▶ Exercise description
Your task is to copy the lines from the line containing "American Tourister Cestovní" through the end of the listing below, both included, without any pictures.

↓↓↓

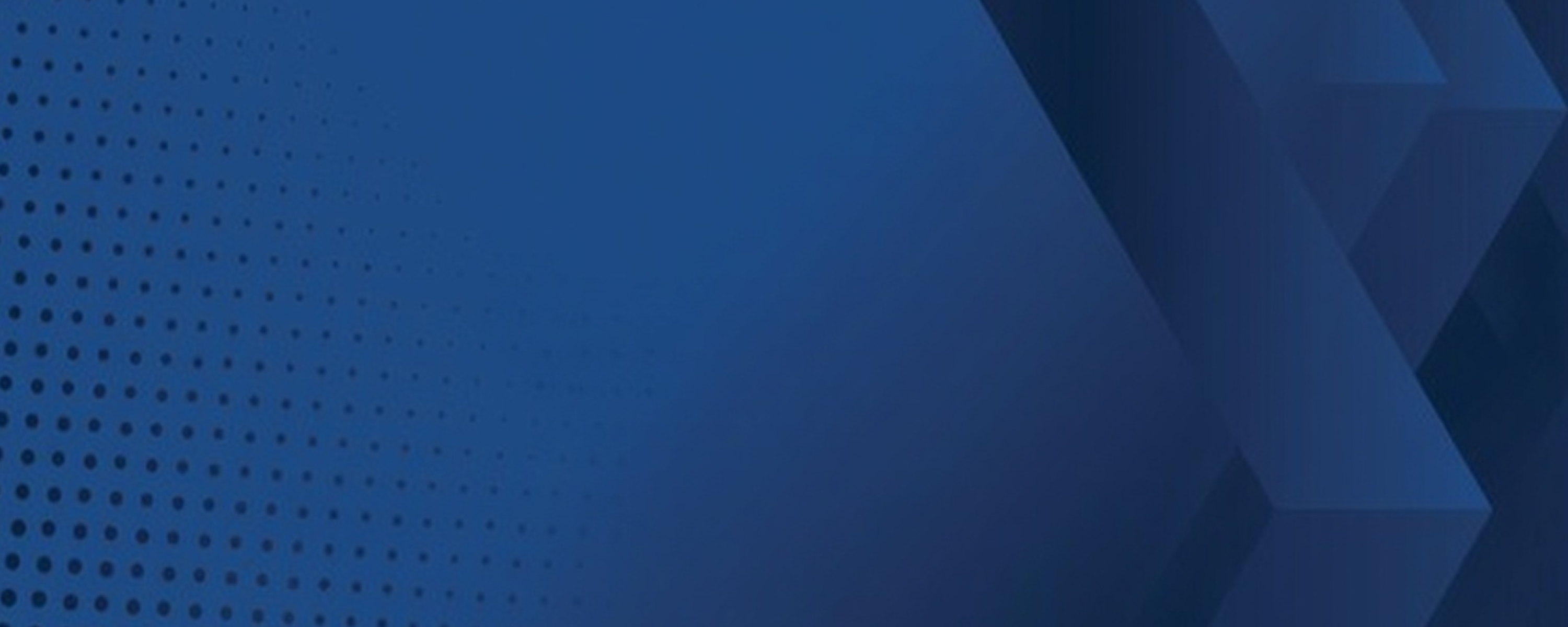 blue background hero image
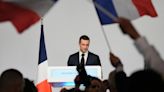 'Contained but not stopped': French far right takes record number of seats in parliament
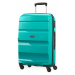 American Tourister Cestovní kufr Bon Air Spinner 57,5 l - tyrkysová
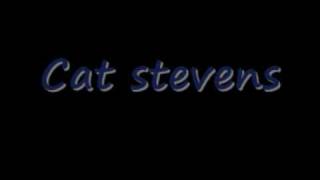 Cat stevens - the first cut is the deepest (original) chords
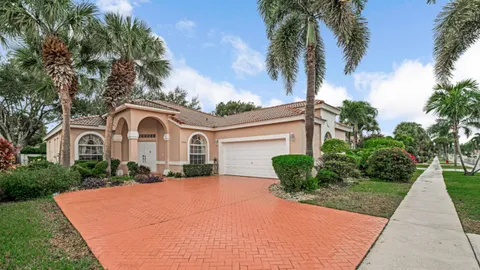 9684 Arbor View Drive N, Boynton Beach, FL 33437 - MLS#: R11054759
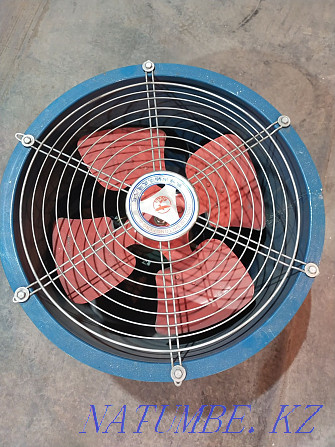 Продам вентилятор Экибастуз - изображение 1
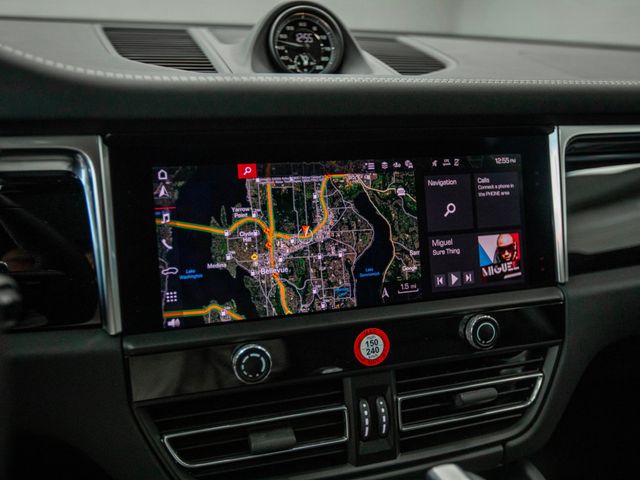 2023 Porsche Macan S AWD - 22982266 - 24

↑↑↑

▶ Completed task
 American Tourister Cestovní kufr Bon Air Spinner 57,5 l - tyrkysová
 Cat stevens - the first cut is the deepest (original) chords
 9684 Arbor View Drive N, Boynton Beach, FL 33437 - MLS#: R11054759
 Продам вентилятор Экибастуз - изображение 1
 2023 Porsche Macan S AWD - 22982266 - 24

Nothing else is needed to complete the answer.